Álvaro Darío Lara
Escritor y poeta
Este es el título de uno de los poemas que más me impresionó, en mi lejana juventud, del poeta español Rafael Alberti (1902-1999). Un poema musicalizado, cantado por varios intérpretes, entre los que se destacan, Soledad Bravo. Escuchemos al viejo Alberti, vital, marinero eterno de todos los océanos: “A la soledad me vine /por ver si encontraba el río/del olvido./Y en la soledad no había/más que soledad sin río./Cuando se ha visto la sangre,/en la soledad no hay río/del olvido./Lo hubiera, y nunca sería/el del olvido./Ya no me importa ser nuevo,/ ser viejo ni estar pasado./Lo que me importa es la vida/que se me va en cada canto./La vida de cada canto”.
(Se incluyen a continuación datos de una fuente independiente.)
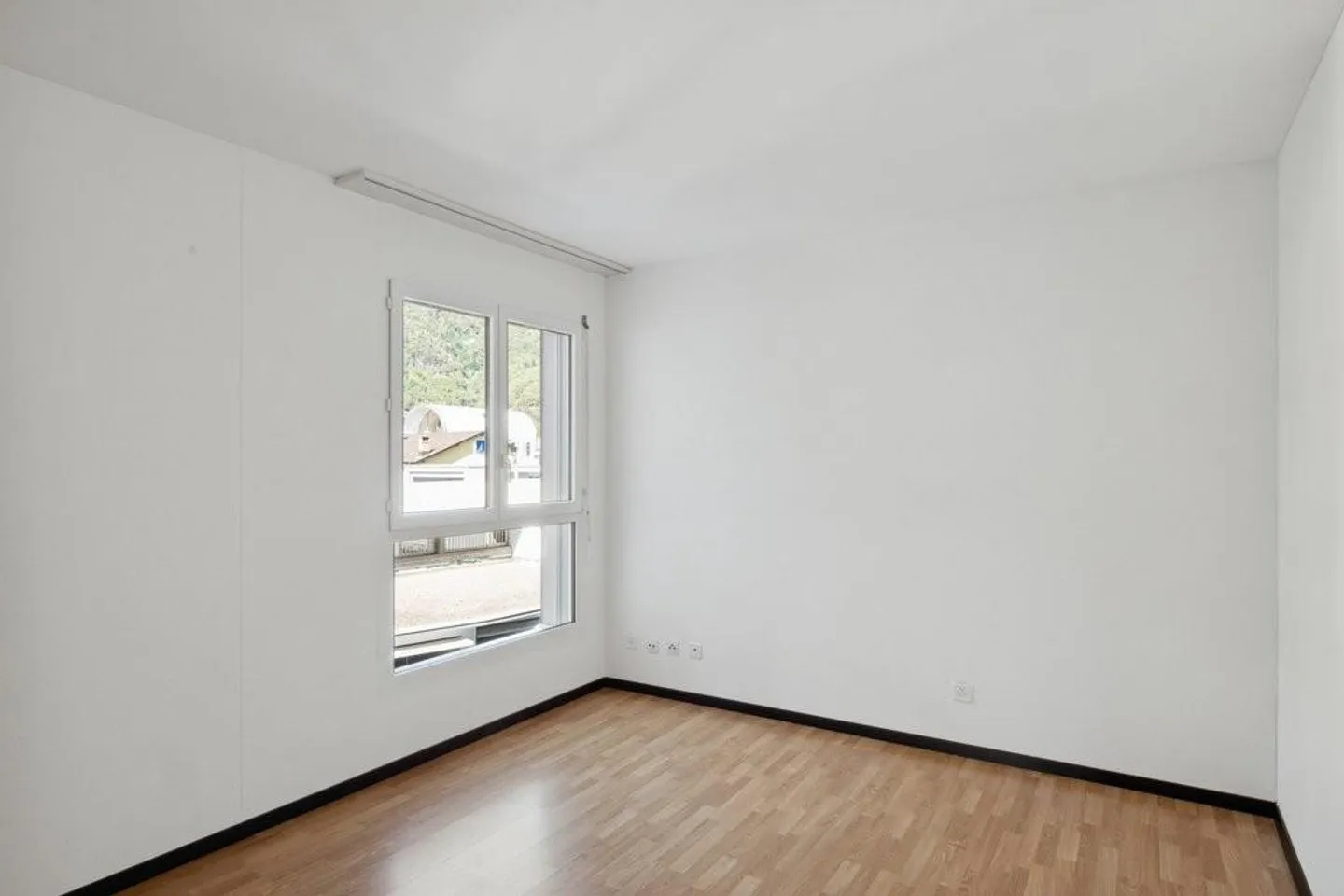 Spacieux 5.5 pièces près du centre de Bellinzona - Photo 6 sur 11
Lo que importa al final, es la vida. La vida intensa, pletórica, llama que arde en la maravillosa resurrección de cada mañana, cuando por arte de magia, abandonamos las sombras y volvemos a contemplar el cielo.
Difícil es obviar lo vivido, eso siempre nos acompaña, y por más esfuerzos de soledad suprema, no hay río absoluto del olvido, aunque para los griegos antiguos, las aguas del Lete, eran un prodigioso consuelo. Por ello, no es el camino de la negación de lo vivido lo que nos pueda dar la paz; al contrario, es asumir que lo que ocurrió, ocurrió, y nada ni nadie puede evitar lo que el arcón del pasado encierra.
La soledad es parte de la naturaleza humana, y vivida conscientemente, no debe ser causa de infortunio. La autora metafísica Muñeca Géigel, expresa: “La persona está siempre sola físicamente. Nace sola, vive sola y termina su vida en el tiempo, se transforma, sola. Cuando vivimos momentos intensos, ya sean de alegría o de dolor profundo; nos damos cuenta que no importa cuántas personas estén a nuestro alrededor, estamos siempre solos. Cuando tomamos una decisión, no importa cuántas opiniones hayamos recibido de afuera, estamos solos físicamente”.
No debemos temer esos espacios de soledad. Habitantes de sociedades ruidosas que aman el estrépito, que se refugian en un carnaval de máscaras, los seres humanos contemporáneos huimos de la soledad, porque no la conocemos, porque creemos que es sinónimo de sufrimiento, porque no deseamos asomarnos a nuestras propias profundidades, donde mora nuestra íntima verdad. Muñeca Géigel continúa: “La soledad se descubre en el SILENCIO. Mientras más nos conocemos y reconocemos nuestros valores esenciales, más espacios de soledad necesitamos; pues es, en soledad, que descubrimos nuestra ruta y todas las respuestas a nuestra vida”.
En su libro “La soledad sonora”, dice Juan Ramón Jiménez (1881-1958): “Que el lujo y el rumor se queden para otros…/a mí me basta con mi fe en las armonías, /en una estancia plácida, alejada, callada, /llena de libros bellos, con flores, encendida!” La soledad, el retiro indispensable del auténtico creador.
Por ello, reitera la escritora metafísica: “La experiencia de la soledad me lleva a experimentar la vida y la naturaleza en sus formas más vibrantes”.
No temamos la soledad, ella es portadora de inimaginables gozos, que nos preludian, la luminosa eternidad.